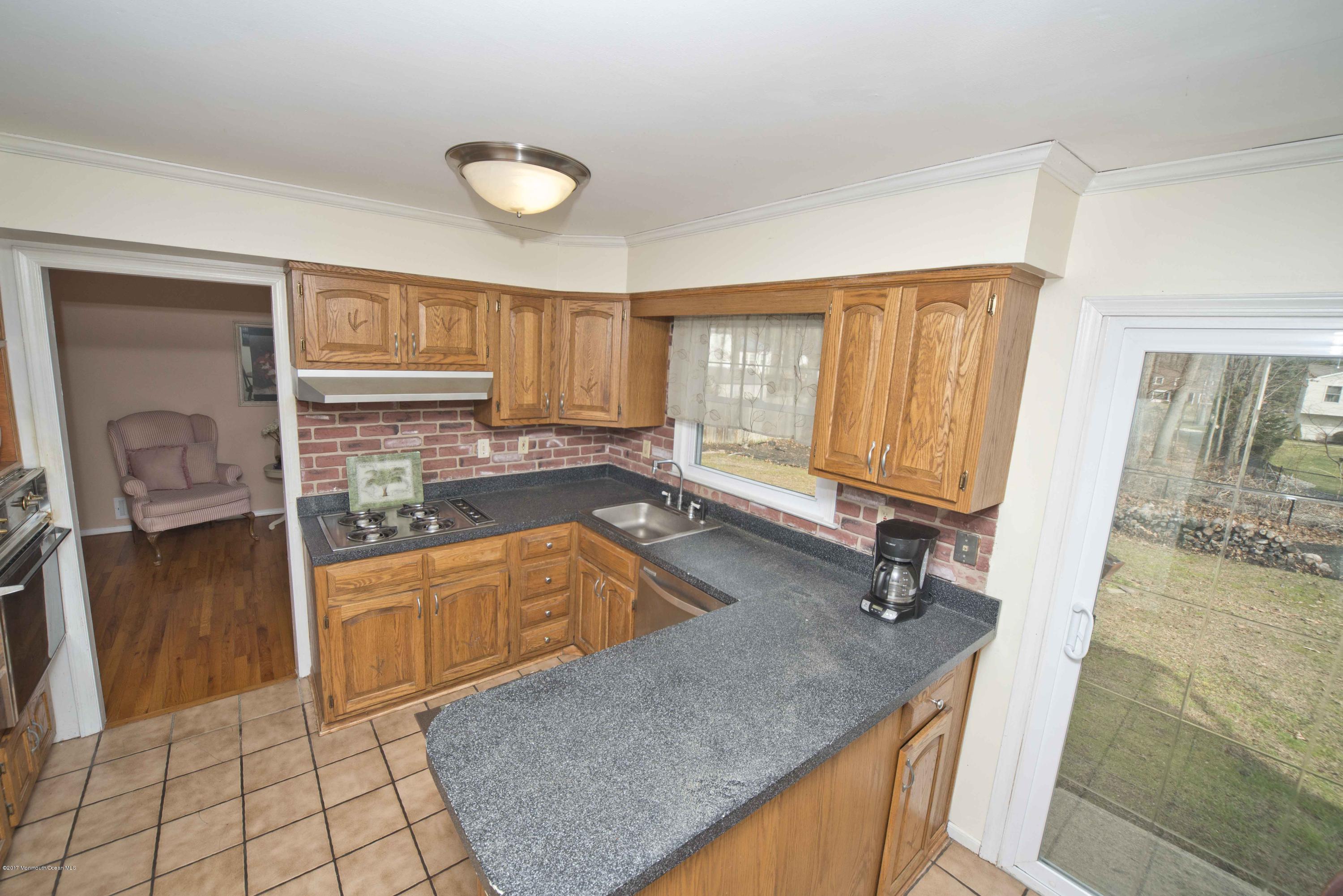 18 Becket Road Manalapan, NJ 07726 - Photo 11 of 61 Kitchen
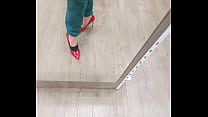 Essayage de petit talon sexy rouge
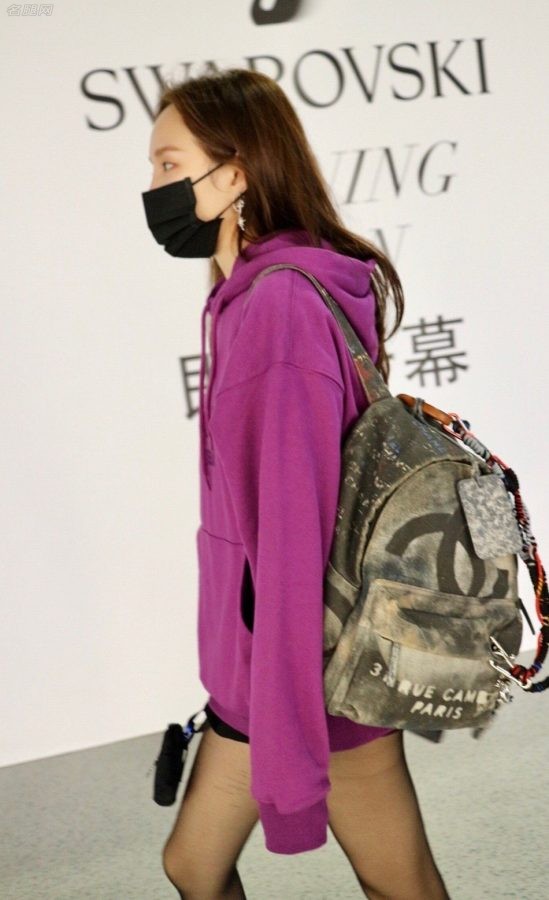 孟佳穿紫色卫衣长腿裹黑丝袜现身机场(3/3)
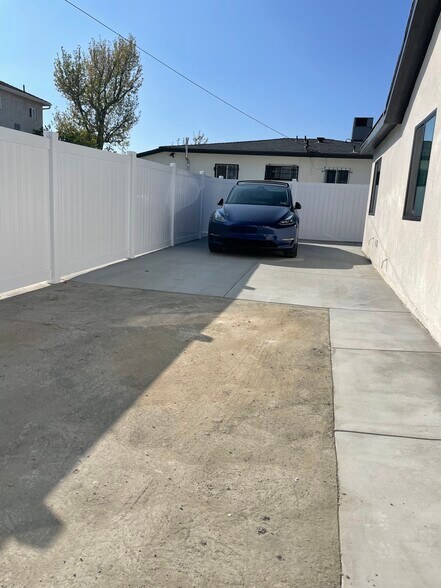 Building Photo - 7738 Whitsett Ave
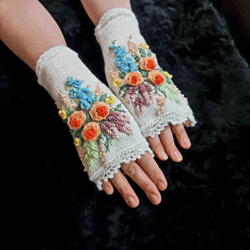 White mittens with embroidery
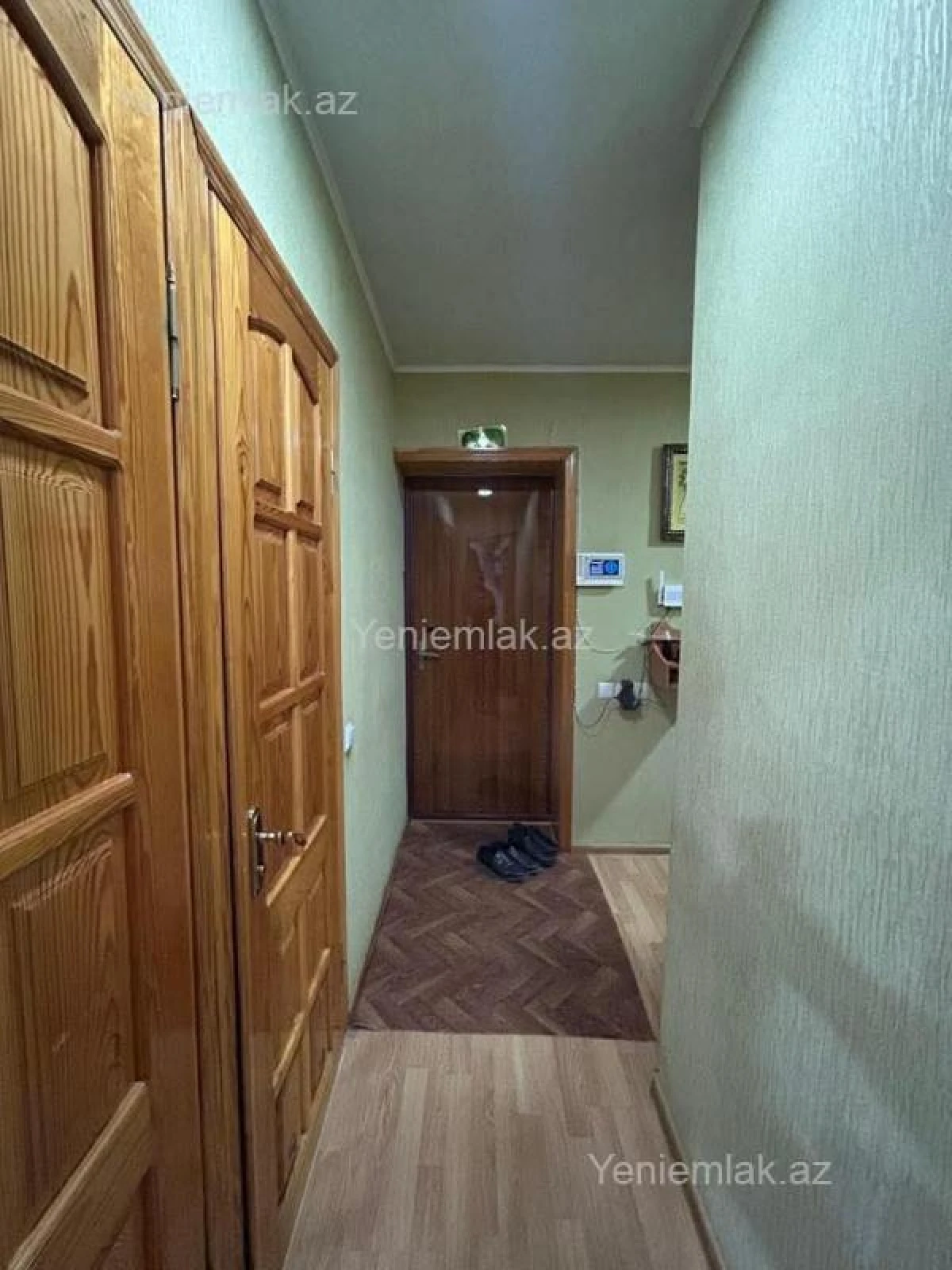 Satılır 4 otaqlı köhnə tikili 100 m²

--------

Where pictures appear, skip them and transcribe all other material word for word.

_Written answer_
 18 Becket Road Manalapan, NJ 07726 - Photo 11 of 61 Kitchen
 Essayage de petit talon sexy rouge
 孟佳穿紫色卫衣长腿裹黑丝袜现身机场(3/3)
 Building Photo - 7738 Whitsett Ave
 White mittens with embroidery
 Satılır 4 otaqlı köhnə tikili 100 m²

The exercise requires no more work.